I have heard people say, “If so-and-so is ever elected, I am leaving the country!” But what does leaving the U.S., and giving up U.S. citizenship, really entail? It is easier to do since the Heroes Earnings Assistance and Relief Tax (HEART) Act was passed in 2008. However, it is an expensive process for those with any significant amount of wealth.

Exit Tax
The law covers people who are either U.S. citizens or long-term permanent residents who have held green cards for eight of the last fifteen years and give up their green card.
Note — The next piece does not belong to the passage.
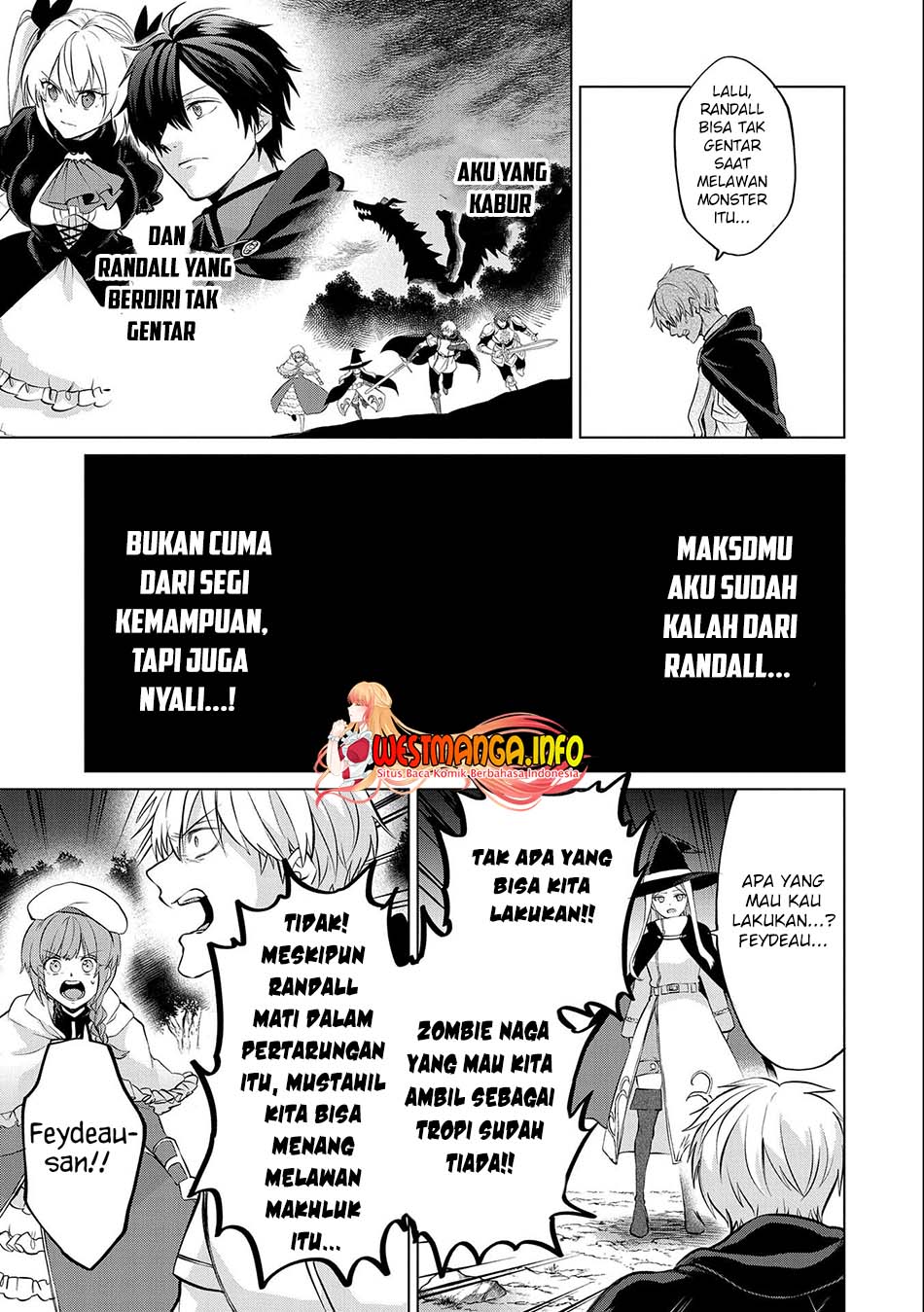 Tsuihou Sareta Onimotsu Tamer, Sekai Yuiitsu No Necromancer Ni Kakusei Suru: Ariamaru Sono Chikara D chapter 10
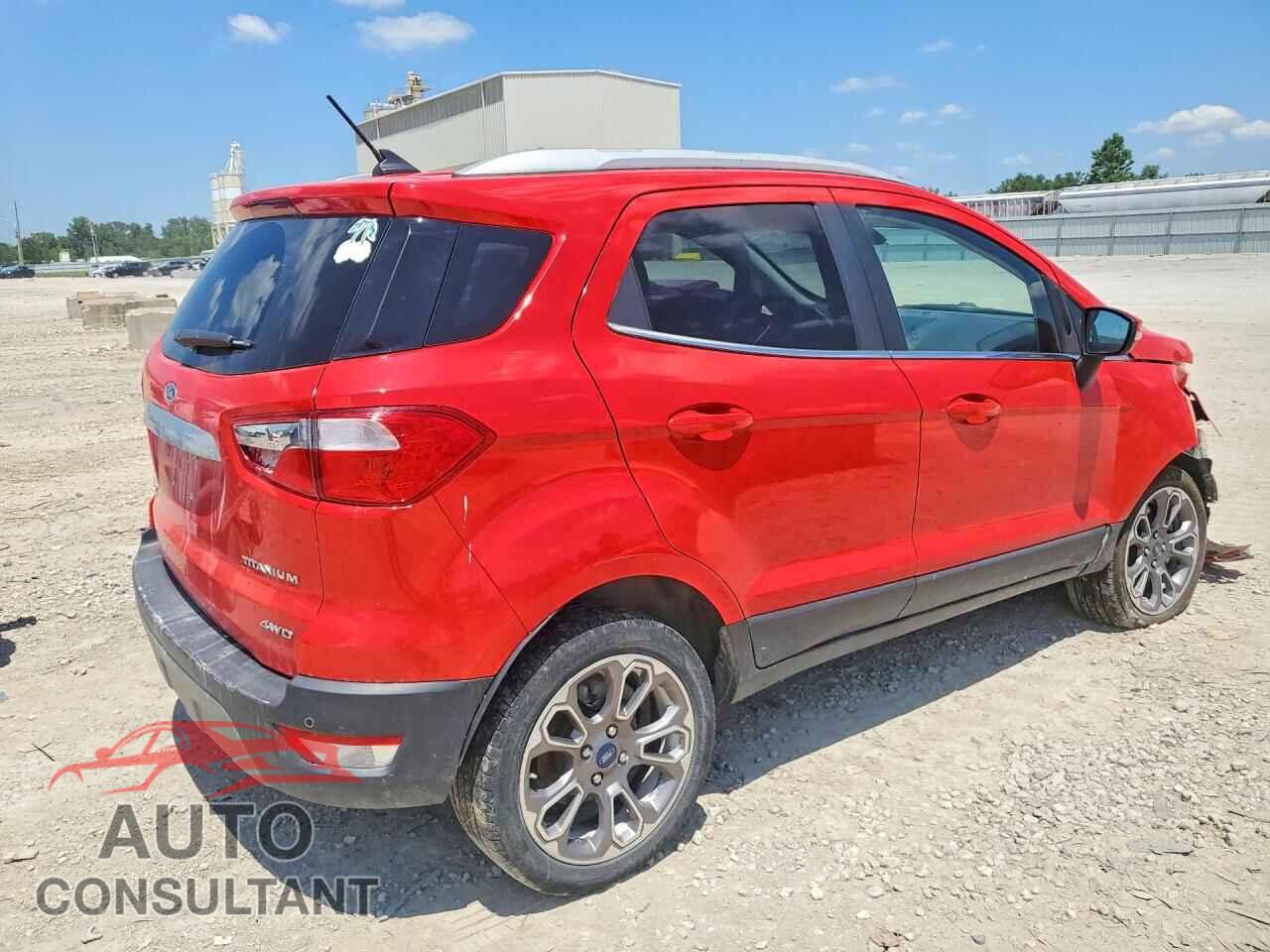 FORD ECOSPORT 2019 - MAJ6S3KL1KC309271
Both are subject to an immediate "Exit Tax" on unrealized gains on their assets, both in the U.S. and worldwide, including grantor trusts and future gifts to U.S. citizens and residents. 

You qualify as a covered expatriate if you meet any of the following criteria:

• You have a net worth of $2 million or more, including all property that is subject to a gift tax and all property you hold a right to use or benefit from, as well as the unrealized gains on that property.

• You have an average income tax liability of more than $139,000 over the five years prior to leaving, indexed for inflation.

• You fail to certify that you have complied with all U.S. federal tax obligations for the preceding five years.

People who are dual citizens from birth and who have not lived in the U.S. for more than 10 of the last 15 years, and people who are under the age of 18-and-a-half and have not lived in the U.S. for theplast 10 years, are exempt.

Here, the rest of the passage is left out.